Buddhist-majority Myanmar has long considered the Rohingya Muslim minority to be “Bengalis” from Bangladesh even though their families have lived in the country for generations. Nearly all have been denied citizenship since 1982.

As hearings opened Monday, Gambian Justice Minister Dawda Jallow said his nation filed the case after the Rohingya “endured decades of appalling persecution, and years of dehumanizing propaganda. This culminated in the savage, genocidal ‘clearance operations’ of 2016 and 2017, which were followed by continued genocidal policies meant to erase their existence in Myanmar.”

Hlaing disputed the evidence Gambia cited in its case, including the findings of an international fact-finding mission set up by the U.N.'s Human Rights Council.

“Myanmar’s position is that the Gambia has failed to meet its burden of proof," he said. "This case will be decided on the basis of proven facts, not unsubstantiated allegations. Emotional anguish and blurry factual pictures are not a substitute for rigorous presentation of facts.”

Nobel Peace Prize winner Aung San Suu Kyi represented her country at jurisdiction hearings in the case in 2019, denying that Myanmar armed forces committed genocide and instead casting the mass exodus of Rohingya people from the country she led as an unfortunate result of a battle with insurgents.

The pro-democracy icon is now in prison after being convicted of what her supporters call trumped-up charges after a military takeover of power.

Myanmar contested the court’s jurisdiction, saying Gambia was not directly involved in the conflict and therefore could not initiate a case. Both countries are signatories to the genocide convention, and in 2022, judges rejected the argument, allowing the case to move forward.

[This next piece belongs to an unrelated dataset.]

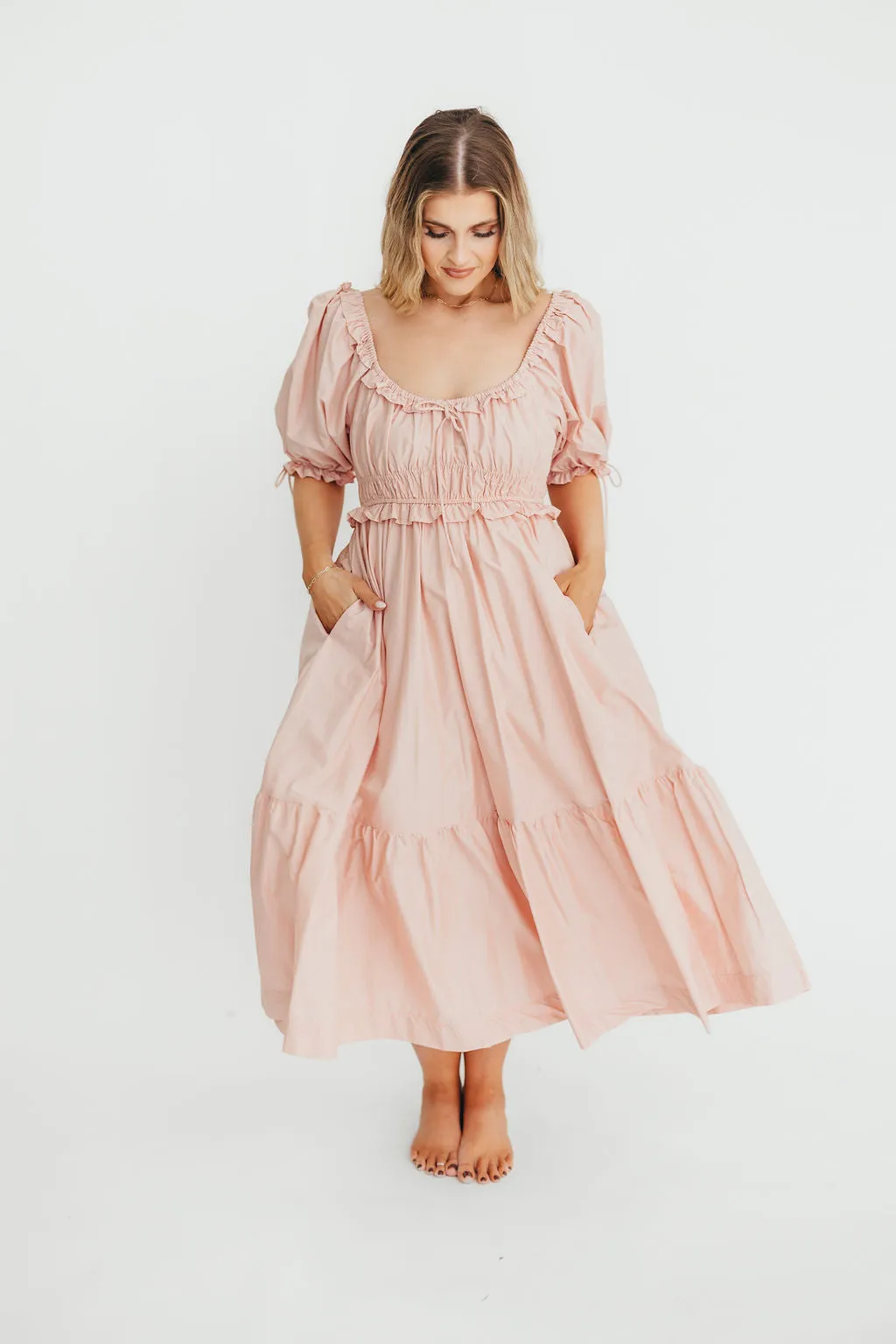 100% Cotton Crissy Ruched Midi Dress in Dusty Pink - Bump Friendly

Gambia rejects Myanmar's claims that it was combating terrorism, with Jallow telling judges on Monday that “genocidal intent is the only reasonable inference that can be drawn from Myanmar’s pattern of conduct.”

In late 2024, prosecutors at another Hague-based tribunal, the International Criminal Court, requested an arrest warrant for the head of Myanmar’s military regime for crimes committed against the country’s Rohingya Muslim minority. Senior Gen. Min Aung Hlaing, who seized power from Suu Kyi in 2021, is accused of crimes against humanity for the persecution of the Rohingya. The request is still pending.

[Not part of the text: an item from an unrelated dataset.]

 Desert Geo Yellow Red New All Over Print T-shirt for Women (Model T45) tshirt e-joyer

FILE - In this Sept. 7, 2017, file photo, smoke rises from a burned house in Gawdu Zara village, northern Rakhine state, where the vast majority of the country's 1.1 million Rohingya lived, Myanmar. (AP Photo, File)

FILE - In this Sept. 7, 2017, file photo, smoke rises from a burned house in Gawdu Zara village, northern Rakhine state, where the vast majority of the country's 1.1 million Rohingya lived, Myanmar. (AP Photo, File)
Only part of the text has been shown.